Les effets en cascade ne s’arrêtent pas aux systèmes climatiques : les catastrophes climatiques provoquées menaceraient de faire courir des risques majeurs à des éléments clés de la stabilité de nos sociétés, « comme la sécurité alimentaire, les infrastructures énergétiques, la stabilité économique et la cohésion sociale, affectant des milliards de personne à travers le monde », écrivent les auteurs.

« Les dégâts causés par les points de bascule seront très différents des dégâts classiques du changement climatique. Nous ne sommes pas prêts pour ça ! Nos décideurs ne comprennent pas ce que signifient les points de bascule », appuie Manjana Milkoreit, chercheuse à l’université d’Oslo et co-autrice du rapport.

Grosses incertitudes

Ce concept de points de bascule est d’autant plus difficile à faire émerger à l’agenda politique que la survenue de ces phénomènes reste entourée de beaucoup plus d’incertitudes que d’autres catastrophes climatiques à venir.

Au sein même de la communauté scientifique, tout le monde n’est pas d’accord sur l’opportunité de communiquer trop fortement sur ces points de bascule. Certains craignent que ces mécanismes complexes et encore mal compris ne détournent l’attention. Alors même que les efforts d’adaptation aux effets beaucoup plus directs et étayés du changement climatique, comme l’intensification des sécheresses, des tempêtes, des inondations et autres, sont déjà largement insuffisants.

« Les points de bascule sont un sujet extrêmement important, mais on n’est pas sûr de savoir où sont les seuils. Il y a des estimations sur la bascule de l’Amazonie, mais ça peut advenir à 1,5 °C comme à 3 °C, on n’a pas de certitude », dit Freddy Bouchet, directeur du Laboratoire de météorologie dynamique et l’un des coordinateurs de ClimTip, l’un des deux grands projets européens sur les points de bascule.

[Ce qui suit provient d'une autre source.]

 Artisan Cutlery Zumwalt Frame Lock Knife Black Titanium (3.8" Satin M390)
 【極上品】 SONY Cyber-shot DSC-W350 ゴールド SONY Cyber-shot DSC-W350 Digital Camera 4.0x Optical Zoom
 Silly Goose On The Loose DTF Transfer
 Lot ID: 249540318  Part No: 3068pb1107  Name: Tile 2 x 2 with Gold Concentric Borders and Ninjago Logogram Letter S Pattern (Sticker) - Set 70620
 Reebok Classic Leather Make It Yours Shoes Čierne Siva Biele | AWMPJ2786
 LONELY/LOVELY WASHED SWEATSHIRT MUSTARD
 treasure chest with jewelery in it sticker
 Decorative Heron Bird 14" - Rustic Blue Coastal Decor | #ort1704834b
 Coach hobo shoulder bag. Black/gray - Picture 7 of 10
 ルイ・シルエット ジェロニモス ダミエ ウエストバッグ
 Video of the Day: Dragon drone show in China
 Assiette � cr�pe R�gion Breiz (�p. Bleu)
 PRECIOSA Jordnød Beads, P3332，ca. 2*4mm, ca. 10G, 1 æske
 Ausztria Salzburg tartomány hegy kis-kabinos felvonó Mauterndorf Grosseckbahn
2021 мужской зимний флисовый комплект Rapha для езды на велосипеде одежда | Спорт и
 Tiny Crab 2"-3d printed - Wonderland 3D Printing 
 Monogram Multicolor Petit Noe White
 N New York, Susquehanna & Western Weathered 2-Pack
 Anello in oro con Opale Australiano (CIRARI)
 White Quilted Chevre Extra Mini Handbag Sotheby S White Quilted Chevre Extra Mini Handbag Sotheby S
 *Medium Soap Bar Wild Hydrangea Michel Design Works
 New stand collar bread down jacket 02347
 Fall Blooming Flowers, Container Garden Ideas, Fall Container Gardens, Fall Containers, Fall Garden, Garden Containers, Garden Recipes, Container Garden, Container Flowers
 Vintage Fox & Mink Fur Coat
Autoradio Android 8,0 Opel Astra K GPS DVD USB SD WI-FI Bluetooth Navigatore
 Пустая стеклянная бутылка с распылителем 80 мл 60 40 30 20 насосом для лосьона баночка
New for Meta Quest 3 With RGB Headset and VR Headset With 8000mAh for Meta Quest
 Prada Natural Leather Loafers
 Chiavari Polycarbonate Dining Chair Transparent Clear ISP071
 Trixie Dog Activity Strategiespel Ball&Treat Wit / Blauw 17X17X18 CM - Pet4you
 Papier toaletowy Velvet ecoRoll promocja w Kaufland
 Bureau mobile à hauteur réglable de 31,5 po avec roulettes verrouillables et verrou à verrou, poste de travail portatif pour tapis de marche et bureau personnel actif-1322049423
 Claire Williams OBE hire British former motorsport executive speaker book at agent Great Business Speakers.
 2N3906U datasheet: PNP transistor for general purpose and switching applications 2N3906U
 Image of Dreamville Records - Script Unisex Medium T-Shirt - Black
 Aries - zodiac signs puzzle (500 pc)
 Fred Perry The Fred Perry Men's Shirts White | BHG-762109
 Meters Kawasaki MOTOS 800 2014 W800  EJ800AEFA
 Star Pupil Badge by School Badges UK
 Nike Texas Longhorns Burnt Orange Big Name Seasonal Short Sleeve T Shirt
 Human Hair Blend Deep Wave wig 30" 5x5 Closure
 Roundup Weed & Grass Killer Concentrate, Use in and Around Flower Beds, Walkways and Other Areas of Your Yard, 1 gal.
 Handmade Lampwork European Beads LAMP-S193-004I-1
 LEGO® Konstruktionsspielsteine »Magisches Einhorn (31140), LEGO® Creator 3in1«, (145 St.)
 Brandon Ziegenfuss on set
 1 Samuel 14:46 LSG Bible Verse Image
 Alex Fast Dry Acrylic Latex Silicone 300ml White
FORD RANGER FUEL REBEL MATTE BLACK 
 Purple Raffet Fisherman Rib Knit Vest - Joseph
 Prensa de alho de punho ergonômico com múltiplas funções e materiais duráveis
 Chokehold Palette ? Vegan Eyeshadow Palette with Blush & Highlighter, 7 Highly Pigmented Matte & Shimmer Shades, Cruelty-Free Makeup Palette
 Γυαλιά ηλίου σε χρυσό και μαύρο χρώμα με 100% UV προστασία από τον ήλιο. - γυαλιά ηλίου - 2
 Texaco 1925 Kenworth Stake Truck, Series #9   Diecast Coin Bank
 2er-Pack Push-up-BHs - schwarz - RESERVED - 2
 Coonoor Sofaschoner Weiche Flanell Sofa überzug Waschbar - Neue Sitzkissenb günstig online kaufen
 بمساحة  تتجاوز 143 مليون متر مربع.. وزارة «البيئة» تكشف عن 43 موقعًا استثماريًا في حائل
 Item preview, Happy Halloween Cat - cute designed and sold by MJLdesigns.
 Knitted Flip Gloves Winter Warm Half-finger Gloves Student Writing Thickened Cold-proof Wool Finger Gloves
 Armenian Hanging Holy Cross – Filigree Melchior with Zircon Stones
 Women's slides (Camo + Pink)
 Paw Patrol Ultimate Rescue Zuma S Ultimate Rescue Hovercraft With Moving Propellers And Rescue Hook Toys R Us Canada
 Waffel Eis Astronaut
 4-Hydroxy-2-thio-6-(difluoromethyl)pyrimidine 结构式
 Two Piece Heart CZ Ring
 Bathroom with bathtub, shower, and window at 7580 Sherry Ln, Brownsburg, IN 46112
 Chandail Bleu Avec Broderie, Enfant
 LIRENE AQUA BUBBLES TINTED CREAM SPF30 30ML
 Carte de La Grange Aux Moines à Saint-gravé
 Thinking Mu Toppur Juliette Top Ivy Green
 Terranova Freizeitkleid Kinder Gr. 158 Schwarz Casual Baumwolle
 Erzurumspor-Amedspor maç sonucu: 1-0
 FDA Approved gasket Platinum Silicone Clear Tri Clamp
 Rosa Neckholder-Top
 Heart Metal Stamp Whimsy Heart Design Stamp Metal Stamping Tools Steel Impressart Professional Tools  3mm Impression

« C’est une question de gestion des risques : est-ce qu’il faut s’adapter en urgence aux risques davantage certains, présentés dans les rapports du Giec, ou bien anticiper les risques potentiellement encore bien plus graves mais plus incertains ? Personnellement, je pense qu’il faut tout faire à la fois », ajoute-t-il.

Des « points de bascule positifs »

C’est bien l’avis des auteurs de rapport Global Tipping Points, qui rappellent une caractéristique essentielle de ces phénomènes irréversibles : une fois franchis, il sera trop tard pour agir.

La bonne nouvelle (il y en a), c’est qu’en termes d’atténuation, il n’y a pas à choisir. Que l’on cible les points de bascule ou les effets plus classiques du changement climatique, les changements structurels et radicaux auxquels appellent les climatologues restent les mêmes, pour réduire drastiquement nos émissions de gaz à effet de serre, atteindre la neutralité carbone en 2050 et tout faire pour limiter au maximum le réchauffement global.

L’autre avantage du concept de points de bascule, c’est qu’il peut aussi être appelé à la rescousse pour entretenir l’espoir et mobiliser la société. Le rapport évoque ainsi les possibilités de franchir des « points de bascule positifs ». Transports en commun, agriculture et alimentation durables, écosystèmes… Ceux-ci sont également nombreux.

À l’image de la baisse fulgurante récente du coût des panneaux photovoltaïques, le développement de solutions ne suit pas une trajectoire linéaire. Mieux : un petit effort supplémentaire pourrait parfois suffire à entraîner le basculement technologique ou sociétal qui paraissait, l’instant d’avant, n’être qu’une utopie lointaine.